A main argument in favor of network neutrality is that a discriminatory network distorts markets that depend on the network, and ultimately may slow national economic growth. For example, if a network favors search engine A over search engine B, A may become dominant even though B's technology is better. Similarly, if the network favors a usage of the network popular at a given time (say, Gopher, enormously popular in the early 1990s) that may slow the competitive arrival of a new usage (like the World Wide Web). In other words, a discriminatory network may "freeze" innovation (particularly application innovation) based on today's dominant applications. The link to national economic growth is as follows: many economists believe innovation is a major catalyst of economic growth, meaning that if a discriminatory network leads to less innovation, a country will grow more slowly. Opponents of neutrality regulation say this argument confuses a necessary form of discrimination, discrimination among packets with different latency requirements, with arbitrary discrimination between applications of the same type, and is therefore blind to network engineering requirements.
The arguments against network neutrality as a principle take three forms. The first and most common says that packet-level discrimination is absolutely necessary in order to provide Quality of Service on any packet network, and broadly-written regulations such as the Markey Amendment would ban it.
Another argument says that service bundling is necessary to encourage investment in the networks of the future. If a broadband carrier is, for example, allowed to charge more for a high-priority voice service when competing services such as Skype run at standard priority, the carrier's voice service will sound better, and this will limit Skype's appeal while increasing the carrier's revenue.

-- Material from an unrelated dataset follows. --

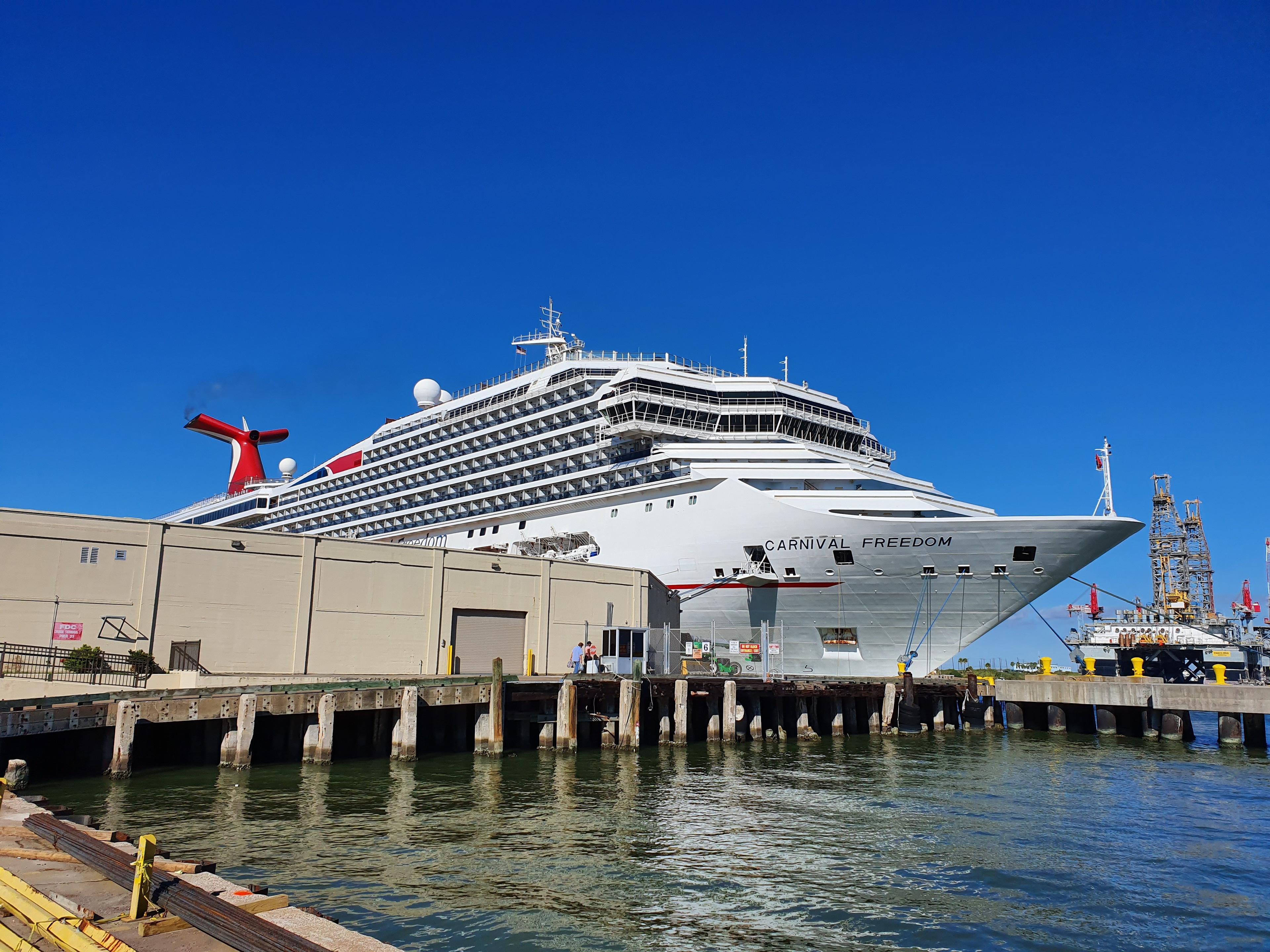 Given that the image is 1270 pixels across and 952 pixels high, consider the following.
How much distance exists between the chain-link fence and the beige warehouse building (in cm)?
252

One response to this argument concedes that discrimination results in greater profit for broadband carriers -- but asks whether the costs in terms of application innovation are worth it. In the example, the operator is exploiting a bottleneck in the network to extend its monopoly from the network service to another sector entirely, in this case messaging applications. It also asks whether allowing discrimination is the best way to encourage network deployments. In other words, there may be less distortionary ways to encourage carriers to build out their network, such as using the tax code, or government funding.
Another argument against network neutrality relies on the economics of congestion. A neutral network is like a public good, leading to collective action or tragedy of the commons-like problems. Hence a provider may need to discriminate as between users or usage to ensure maximum network performance. For example, if some one use up too much bandwidth, this argument suggests, a network operator should be allowed to slow it down. The typical answer to this argument goes as follows. There may be more and less distortionary ways of managing bandwidth -- and blocking or disfavoring certain applications is more distortionary. A more neutral way of managing bandwidth is to manage bandwidth at the consumer side - i.e., to limit the users to, say, x gigabytes per month after which their transfer rate is reduced, instead of banning applications (systems of this type have been employed in other countries, e.g. Australia).

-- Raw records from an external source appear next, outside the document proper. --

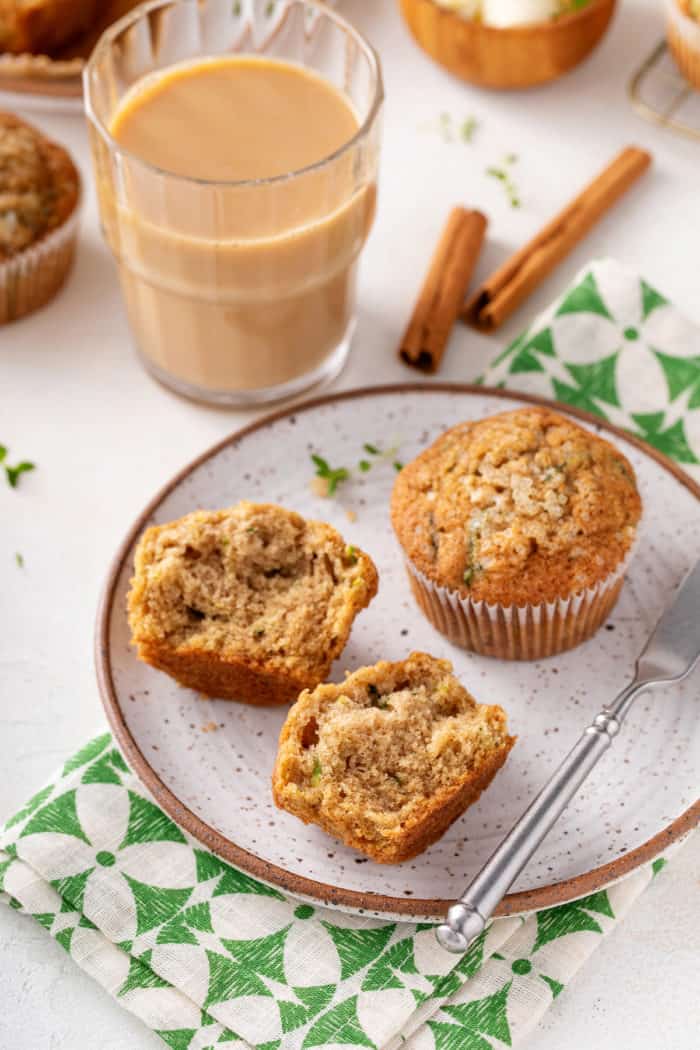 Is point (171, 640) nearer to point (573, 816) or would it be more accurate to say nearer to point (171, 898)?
point (171, 898)

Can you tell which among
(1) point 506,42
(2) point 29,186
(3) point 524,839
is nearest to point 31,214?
(2) point 29,186

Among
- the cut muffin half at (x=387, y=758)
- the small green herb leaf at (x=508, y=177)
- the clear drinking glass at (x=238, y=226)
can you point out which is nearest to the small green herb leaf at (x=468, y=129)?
the small green herb leaf at (x=508, y=177)

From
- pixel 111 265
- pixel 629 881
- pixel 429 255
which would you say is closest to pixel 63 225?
pixel 111 265

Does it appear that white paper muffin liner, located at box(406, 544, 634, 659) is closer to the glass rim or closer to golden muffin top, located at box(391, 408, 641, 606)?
golden muffin top, located at box(391, 408, 641, 606)

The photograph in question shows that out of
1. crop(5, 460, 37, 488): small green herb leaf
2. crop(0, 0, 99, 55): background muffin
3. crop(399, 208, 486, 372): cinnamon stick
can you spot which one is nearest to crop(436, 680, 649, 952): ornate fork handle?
crop(399, 208, 486, 372): cinnamon stick

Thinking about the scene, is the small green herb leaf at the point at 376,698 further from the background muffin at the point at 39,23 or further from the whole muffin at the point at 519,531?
the background muffin at the point at 39,23

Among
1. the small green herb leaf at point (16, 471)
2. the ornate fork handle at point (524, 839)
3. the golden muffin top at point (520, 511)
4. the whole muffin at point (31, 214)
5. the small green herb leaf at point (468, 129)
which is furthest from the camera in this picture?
the small green herb leaf at point (468, 129) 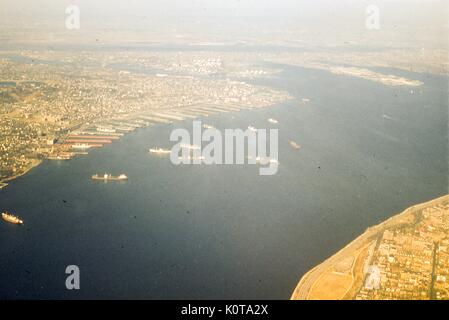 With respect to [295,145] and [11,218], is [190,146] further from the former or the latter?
[11,218]

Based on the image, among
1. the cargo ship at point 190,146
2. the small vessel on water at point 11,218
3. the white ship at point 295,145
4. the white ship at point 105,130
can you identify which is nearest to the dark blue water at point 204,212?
the small vessel on water at point 11,218

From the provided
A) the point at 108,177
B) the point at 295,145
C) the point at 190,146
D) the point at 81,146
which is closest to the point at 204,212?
the point at 108,177

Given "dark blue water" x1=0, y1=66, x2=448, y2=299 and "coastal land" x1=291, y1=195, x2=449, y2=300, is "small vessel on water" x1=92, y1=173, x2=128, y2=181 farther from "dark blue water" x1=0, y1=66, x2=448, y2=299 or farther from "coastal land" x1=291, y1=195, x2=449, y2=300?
"coastal land" x1=291, y1=195, x2=449, y2=300

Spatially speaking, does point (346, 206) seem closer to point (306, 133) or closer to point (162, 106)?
point (306, 133)

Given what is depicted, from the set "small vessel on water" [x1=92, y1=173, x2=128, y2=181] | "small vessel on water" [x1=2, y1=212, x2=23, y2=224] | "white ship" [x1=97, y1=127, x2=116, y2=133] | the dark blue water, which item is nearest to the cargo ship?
the dark blue water

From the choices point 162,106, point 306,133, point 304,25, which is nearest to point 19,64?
point 162,106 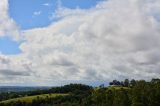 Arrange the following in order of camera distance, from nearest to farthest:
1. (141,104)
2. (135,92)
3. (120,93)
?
(141,104)
(135,92)
(120,93)

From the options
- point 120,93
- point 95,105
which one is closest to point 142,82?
point 120,93

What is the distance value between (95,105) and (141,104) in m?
37.7

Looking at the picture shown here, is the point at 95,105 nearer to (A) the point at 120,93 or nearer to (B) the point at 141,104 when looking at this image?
(A) the point at 120,93

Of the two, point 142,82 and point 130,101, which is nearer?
point 130,101

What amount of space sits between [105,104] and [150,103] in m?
29.3

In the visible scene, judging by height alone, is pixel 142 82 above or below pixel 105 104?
above

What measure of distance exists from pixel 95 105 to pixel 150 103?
3904 centimetres

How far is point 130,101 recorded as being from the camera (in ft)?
575

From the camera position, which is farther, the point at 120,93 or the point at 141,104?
the point at 120,93

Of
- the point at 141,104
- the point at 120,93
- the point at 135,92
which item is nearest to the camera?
the point at 141,104

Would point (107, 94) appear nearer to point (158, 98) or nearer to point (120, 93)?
point (120, 93)

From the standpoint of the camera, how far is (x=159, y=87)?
6944 inches

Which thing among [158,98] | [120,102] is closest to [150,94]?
[158,98]

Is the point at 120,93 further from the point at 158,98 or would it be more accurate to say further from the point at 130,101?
the point at 158,98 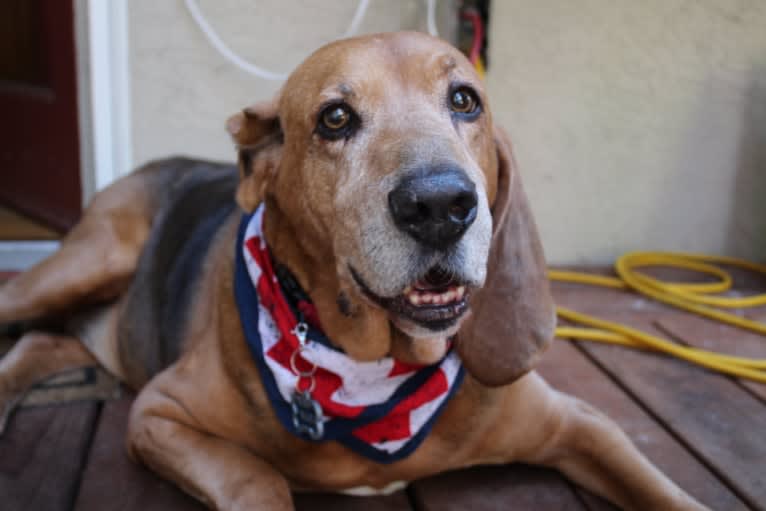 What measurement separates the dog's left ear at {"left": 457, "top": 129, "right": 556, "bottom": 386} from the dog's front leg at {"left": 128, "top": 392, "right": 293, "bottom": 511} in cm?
60

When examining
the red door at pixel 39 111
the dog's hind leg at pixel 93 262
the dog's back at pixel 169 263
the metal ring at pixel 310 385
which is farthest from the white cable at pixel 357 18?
the metal ring at pixel 310 385

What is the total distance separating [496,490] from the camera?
2.28m

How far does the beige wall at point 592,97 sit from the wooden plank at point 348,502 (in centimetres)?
229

However, service providers in the U.S. have resisted these arguments, suggesting that they do not want to charge their users for using higher bandwidth, either because this might not be technically feasible or because it would be a major pricing change which might not be matched by competitors or accepted by the marketplace. Instead, service providers have been proposing to charge content providers to offset the higher bandwidth charges of the end users. This argument omits the fact that content providers already pay a service provider to host data on Internet for end users to consume.

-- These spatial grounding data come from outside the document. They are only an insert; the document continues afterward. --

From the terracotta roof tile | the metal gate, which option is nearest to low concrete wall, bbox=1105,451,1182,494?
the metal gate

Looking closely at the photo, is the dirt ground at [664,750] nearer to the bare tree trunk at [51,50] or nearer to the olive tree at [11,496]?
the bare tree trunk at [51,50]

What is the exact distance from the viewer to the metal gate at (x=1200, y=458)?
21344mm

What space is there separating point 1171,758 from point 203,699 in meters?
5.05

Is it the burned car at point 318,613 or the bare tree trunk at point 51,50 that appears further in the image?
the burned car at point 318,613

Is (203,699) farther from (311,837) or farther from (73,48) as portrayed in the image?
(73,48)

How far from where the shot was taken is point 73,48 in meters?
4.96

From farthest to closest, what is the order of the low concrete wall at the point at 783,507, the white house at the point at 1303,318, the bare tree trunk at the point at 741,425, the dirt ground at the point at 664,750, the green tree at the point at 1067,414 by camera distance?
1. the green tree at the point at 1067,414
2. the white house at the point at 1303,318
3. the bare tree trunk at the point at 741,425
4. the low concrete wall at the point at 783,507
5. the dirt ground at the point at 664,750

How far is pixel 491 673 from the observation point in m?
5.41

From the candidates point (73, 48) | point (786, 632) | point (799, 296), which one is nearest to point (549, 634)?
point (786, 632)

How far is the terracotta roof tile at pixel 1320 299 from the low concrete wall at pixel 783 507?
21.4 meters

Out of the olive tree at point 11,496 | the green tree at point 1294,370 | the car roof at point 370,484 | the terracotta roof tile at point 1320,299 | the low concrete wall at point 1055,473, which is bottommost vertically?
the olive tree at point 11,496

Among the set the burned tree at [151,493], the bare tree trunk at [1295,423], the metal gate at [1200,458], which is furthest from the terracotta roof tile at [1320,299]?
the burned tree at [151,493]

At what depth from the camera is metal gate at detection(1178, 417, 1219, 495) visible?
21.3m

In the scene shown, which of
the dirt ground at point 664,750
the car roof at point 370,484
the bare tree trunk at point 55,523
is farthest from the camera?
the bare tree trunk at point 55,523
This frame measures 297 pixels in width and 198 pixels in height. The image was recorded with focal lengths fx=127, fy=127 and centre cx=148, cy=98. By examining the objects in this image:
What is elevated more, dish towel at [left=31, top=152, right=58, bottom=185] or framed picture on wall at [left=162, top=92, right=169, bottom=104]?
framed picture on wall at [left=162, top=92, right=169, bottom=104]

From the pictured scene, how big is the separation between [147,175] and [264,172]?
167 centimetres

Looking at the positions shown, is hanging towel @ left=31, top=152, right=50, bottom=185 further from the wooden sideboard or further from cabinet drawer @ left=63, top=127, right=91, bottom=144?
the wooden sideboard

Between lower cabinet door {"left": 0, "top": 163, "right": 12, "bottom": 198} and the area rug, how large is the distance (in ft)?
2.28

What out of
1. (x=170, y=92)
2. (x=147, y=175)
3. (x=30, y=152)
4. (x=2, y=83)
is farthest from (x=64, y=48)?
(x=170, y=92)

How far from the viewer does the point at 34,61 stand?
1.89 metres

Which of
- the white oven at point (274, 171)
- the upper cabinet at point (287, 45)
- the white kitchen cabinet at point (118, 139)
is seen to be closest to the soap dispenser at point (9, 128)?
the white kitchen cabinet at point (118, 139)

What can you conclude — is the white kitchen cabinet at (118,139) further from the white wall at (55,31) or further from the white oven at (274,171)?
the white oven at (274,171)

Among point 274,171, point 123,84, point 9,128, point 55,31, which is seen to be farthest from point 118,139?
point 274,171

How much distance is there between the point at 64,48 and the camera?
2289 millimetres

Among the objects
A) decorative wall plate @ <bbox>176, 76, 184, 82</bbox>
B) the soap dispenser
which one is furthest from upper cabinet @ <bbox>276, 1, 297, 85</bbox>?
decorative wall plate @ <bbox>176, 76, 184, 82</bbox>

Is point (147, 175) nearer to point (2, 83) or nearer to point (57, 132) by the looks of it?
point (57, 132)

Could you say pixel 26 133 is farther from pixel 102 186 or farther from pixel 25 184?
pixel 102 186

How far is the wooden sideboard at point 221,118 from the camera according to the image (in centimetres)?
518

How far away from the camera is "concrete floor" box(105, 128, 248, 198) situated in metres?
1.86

Bandwidth limits aren't the central issue in this debate, latency is. Neutralists argue that charging for access to priority services amounts to "double taxation", but not persuasively. If standard service goes for one price, and enhanced service for another, it's consistent not to allow access to enhanced service to those who haven't subscribed to it.
The third argument is deregulatory. It says, network neutrality is a fine idea but will require government intervention, and intervention will invariably and inevitably lead to unintended consequences. This argument leads to a larger debate over whether government can ever act in useful ways, which is difficult to summarize. However, in response, some advocates of network neutrality have argued that FCC action alone is sufficient. Others argue that legislation will simply replicate common-carriage principles already long in place for many communications networks.
This argument can also be opposed on these grounds: Most high speed network providers are cable or telephone companies who are granted local monopolies by the government. Government granted monopolies must be regulated because if the monopolies act improperly market forces don't exist to correct the behavior. Evidence for this can be found in the self-same telephone monopolies work to eliminate competitors from reselling access to their networks -- networks paid for with public funds. The networks regulated by the Markey Amendment are not monopolies, however.
Some trends affecting the debate are:
- The increasing use of Voice over IP, VoIP, and its latency requirements.
- The increasing use of high bandwidth applications, such as online games, and music and video downloading.
- Improvements in networking technology, which make providing broadband service, on the aggregate, cheaper.
- The trend of governments funding the construction of high-speed networks in countries like South Korea, France, and for cities to build their own, wireless networks.
- The increasing use of wireless home networks, which allow for neighbors to share an internet connection, thereby reducing revenues for the service providers. In urban areas this factor can be very large, with a great deal of people sharing one individual person's connection.